Press the "AutoEncode" button to launch the Automatic Encoder setup windows.

MeGUI: Automatic Encoder



 

This is pretty straight forward - just specify the output size of your video file as determined by the bitrate caculator step above (and make sure the Container is set correctly, to "MP4" for the purpose of this guide). The output location can be changed as well - this file will be the final output file that you want, so make sure you remember where you put it and don't accidentally delete it when cleaning up (I like to put this file in a different folder to all the other files, just in case). Press the "Queue" button and all the necessary jobs will be added to the encoding queue.

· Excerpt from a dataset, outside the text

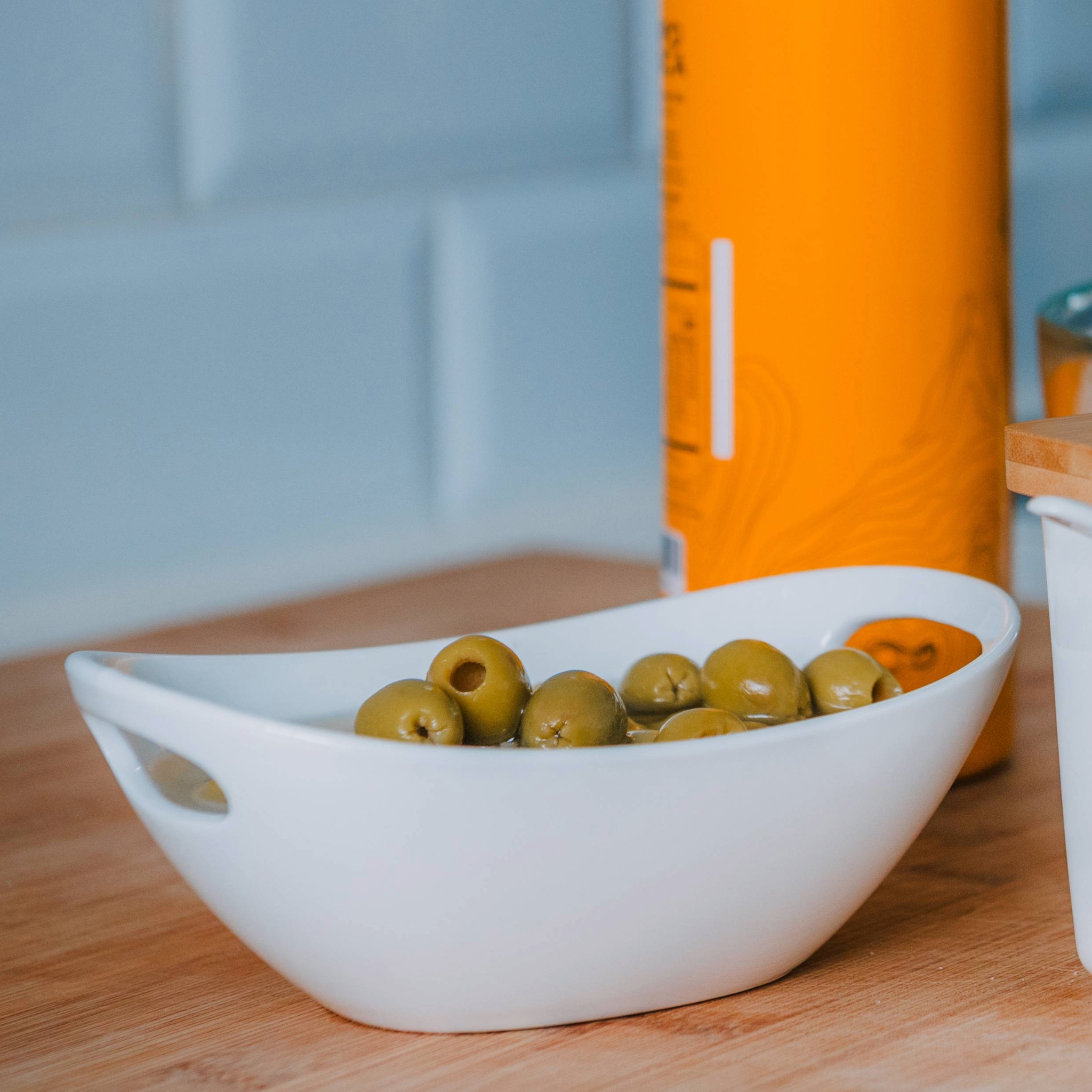 Bol Ovalado de Porcelana con Asas para Snacks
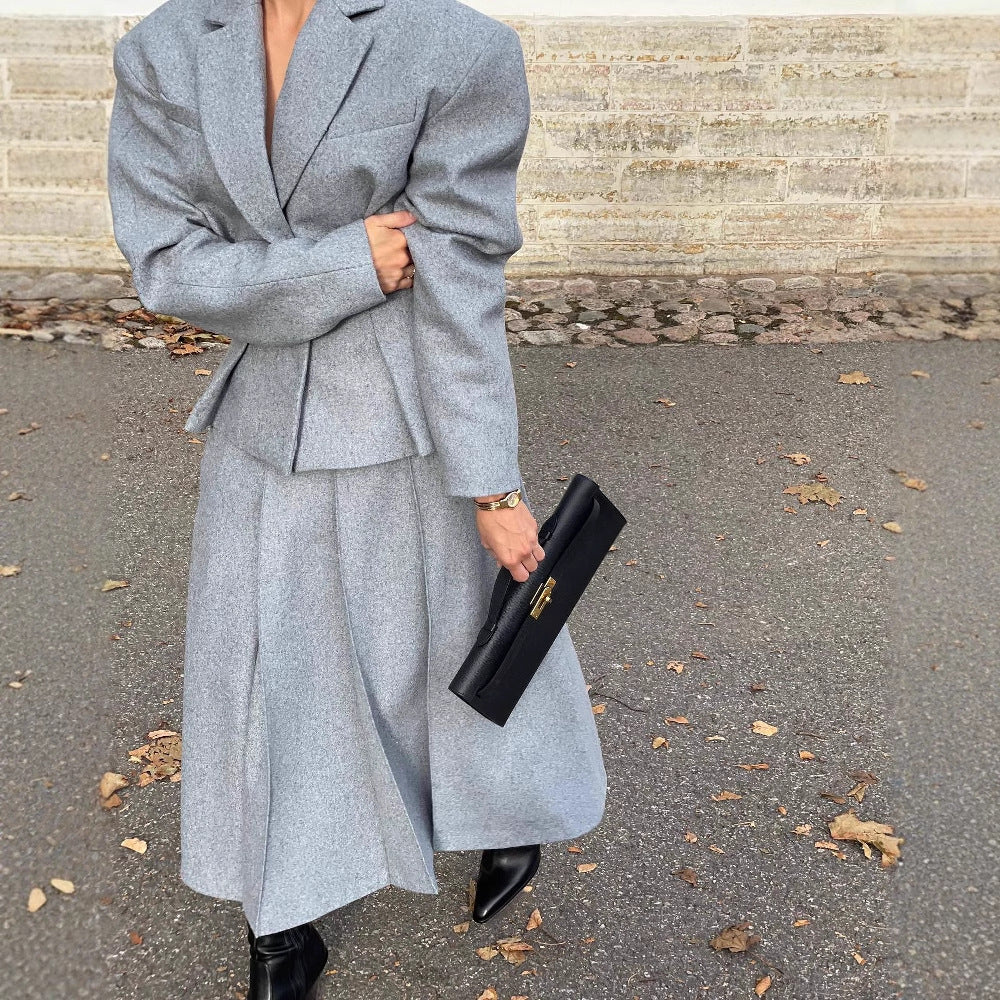 Women's Elegant and Modern Suit Set with Tailored Blazer and Flared Skirt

Click on the "Queue" tab and all the jobs should be listed there. Below is an example job queue where I have two video clips "tdk" and "seu" to be encoded, an explanation of the queued jobs shown in the screenshot below:

  • job1: Encoding audio track for clip "tdk"
  • job2: Encoding video, 1st pass for clip "tdk"
  • job3: Encoding video, 2nd pass for clip "tdk"
  • job4: Muxing audio and video to MP4 for clip "tdk"
  • job5: Encoding audio track for clip "seu"
  • job6: Encoding video, 1st pass for clip "seu"
  • job7: Encoding video, 2nd pass for clip "seu"
  • job8: Muxing audio and video to MP4 for clip "seu"

      MeGUI: Queue


      New in MeGUI 0.2.6 or above is the idea of "workers". This has been introduced to take advantage of multi-core processors, allowing parallel job execution (processing more than one job at a time). Of course, certain jobs are dependent on another previous job being completed before it can begin (for example, job2-4 above requires job2-3 to be finished, and job2-5 requires all previous jobs to be finished), and so parallel execution is not always possible. But if you are encoding multiple video clips at the same time, then parallel execution allows each core of your CPU to be fully utilized at all times, allowing up to 4 video encodings at the same time on a quad core processor, for example. In essense, each "worker" represents a CPU thread that can be run on an individual core - so if you have a dual core processor, then you might want to create two workers, quad-core => 4 workers, etc. Even if you have only a single core CPU, you will still need to create at least one worker before MeGUI can start encoding video. To create a worker, from the "Worker" menu, select the "Create New Worker" option and then enter a name for this new worker.

      MeGUI: Create New Worker


      Create as many workers as you need (again, 2 for dual-core, 4 for quad-core ...). You can right click on each job to specify which worker it will use, or you can leave it unset and MeGUI will automatically assign workers (recommended).

      MeGUI: Send to Worker


      When you are ready to start encoding, press the "Start" to start the encoding. For the above job queue example where I had two video clips "tdk" and "seu", when I press the "Start" button, both encodings will start with different workers, thus allowing me to encode two video clips at the same time (which would only be of benefit if you have multi-core or multi-CPU setups, of course). You can view the status of your workers by selecting the "Workers Summary" option from the "Workers" menu.

      MeGUI: Worker Summary


      When it's all finished, your MP4 file should be ready. You can delete all the other files, unless you plan on making more encodings from them.